1/
Thoughts after a cyberattack to @internetarchive (the #WaybackMachine seems to be back read-only)
Facts:
- https://mastodon.archive.org/@internetarchive/113290094683712789
- By @brewsterkahle: https://mastodon.archive.org/@brewsterkahle/113304263804387160
- Among the key services, the global Persistent URL system (#PURL, https://en.wikipedia.org/wiki/Persistent_uniform_resource_locator#History) is still offline: https://purl.org/
Disturbing how this seems to align with other attempts to cancel key parts of the digital memory of our age. So, part of our culture
On the #InternetArchive:
https://help.archive.org/help/where-does-my-donation-go/
2/
Some context on what's at stake for #science.

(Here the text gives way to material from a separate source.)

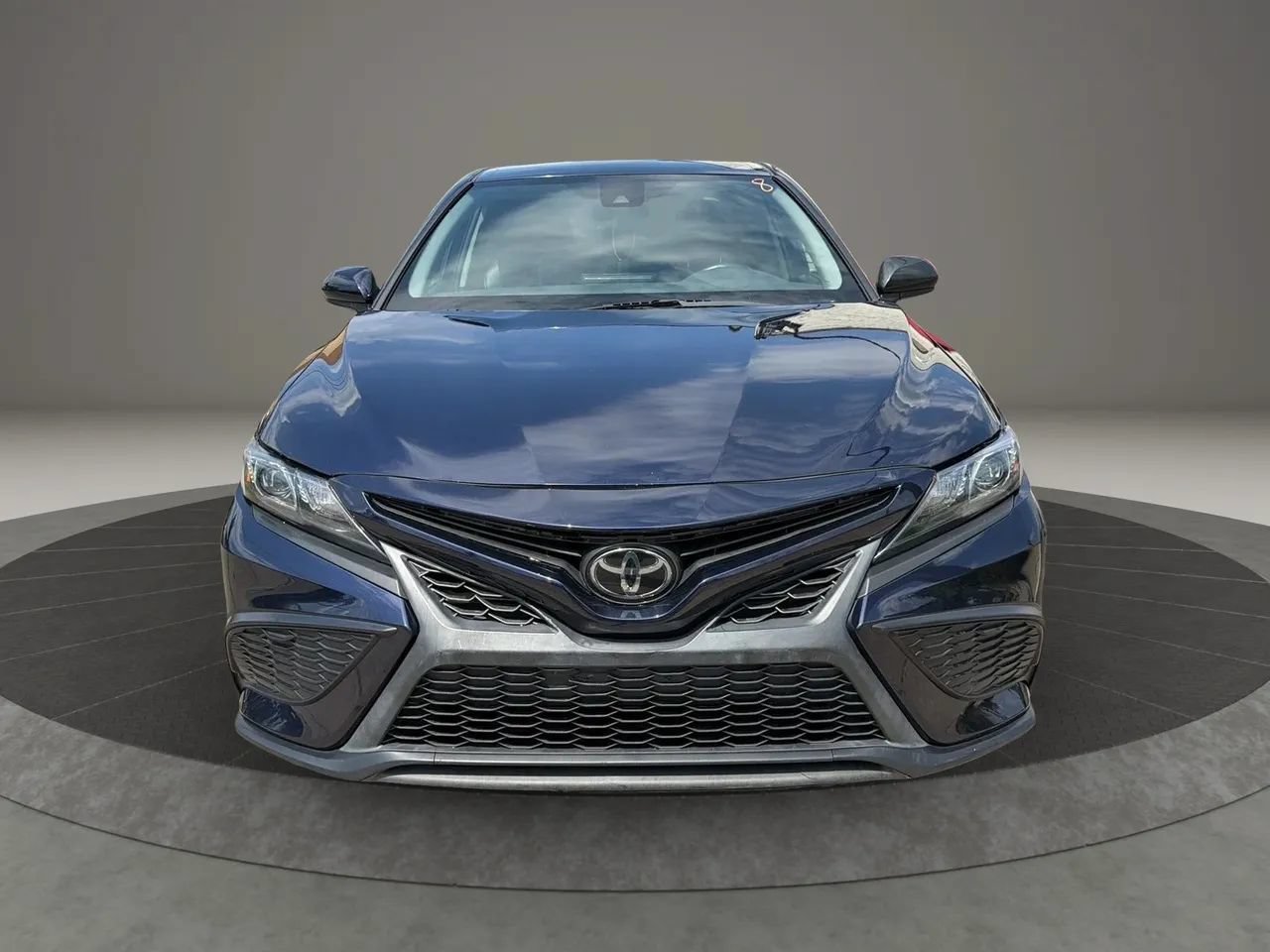 Used 2021 Toyota Camry SE FWD image 2
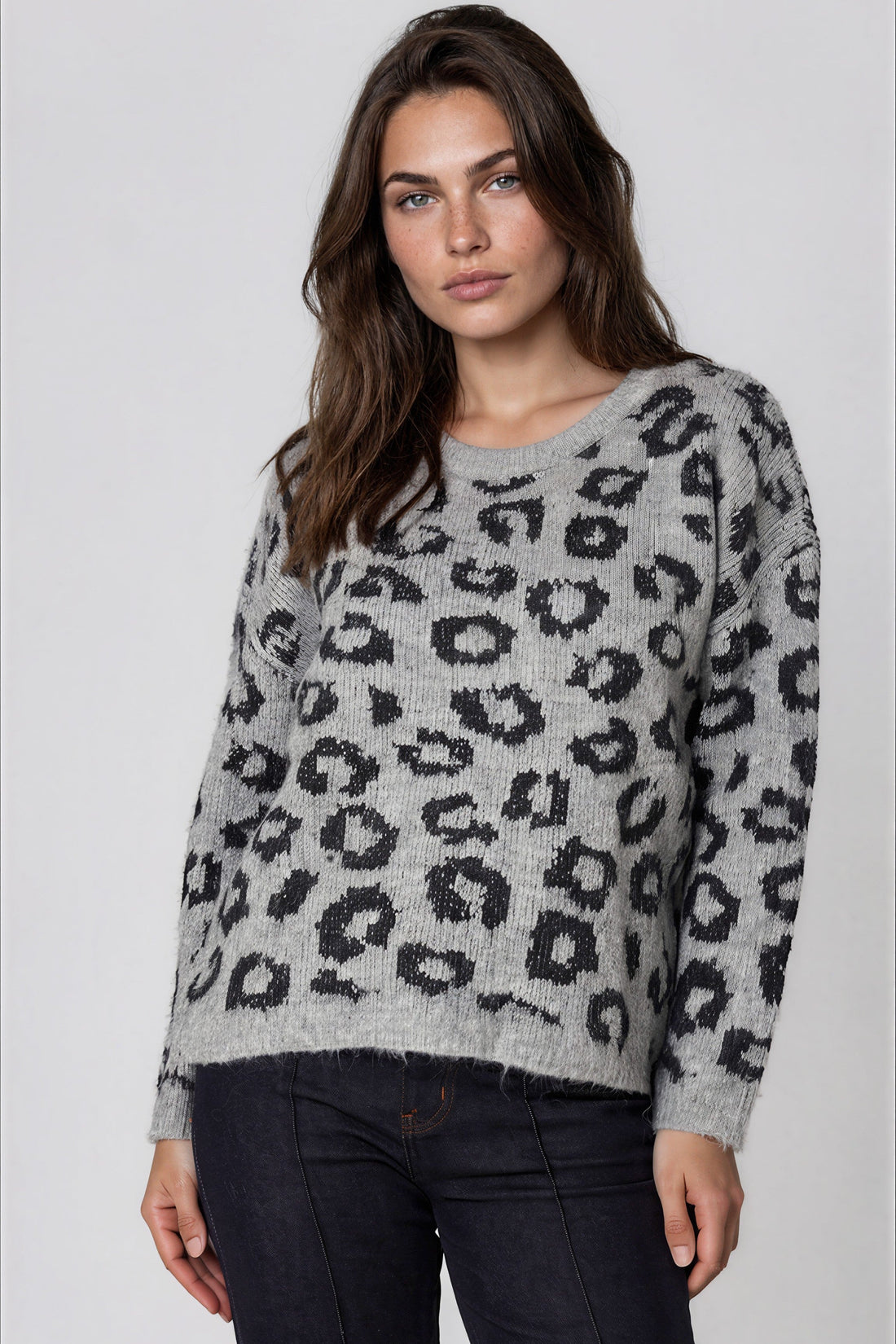 Grey leopard-print wool-blend jumper with round neck and long sleeves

A 2007 study on #InformationScience (IS) literature found that its "half-life value obtained was approximately 5 years, indicating that 50 % of the Web citations in our body of IS literature will become inaccessible after that period" [1].
In 2012, [2] noted how "if readers are not able to gain access to the original source of the cited material, the link as well as the cited material would be much less useful than references to print sources".
3/
[2] noted:
"Apart from the quality and narrow scope there are several other reasons which may affect the accessibility of the web resources. Frequent change of URLs, funding issues, lack of time and resources to maintain the published applications are some of them"
and suggested:
"Possibly, the best solution to prevent decay or disappearance of web citations and to diminish URLs decay will be use of WebCite-enhanced reference" [2]
However, WebCite (https://webcitation.org) is now read-only!
4/
A 2021 study [3] verified 174 #OpenAccess (OA) "journals that have vanished from the web. [...] We want to emphasize that this should be considered as a lower-bound count and that the number of vanished journals is likely to be much greater"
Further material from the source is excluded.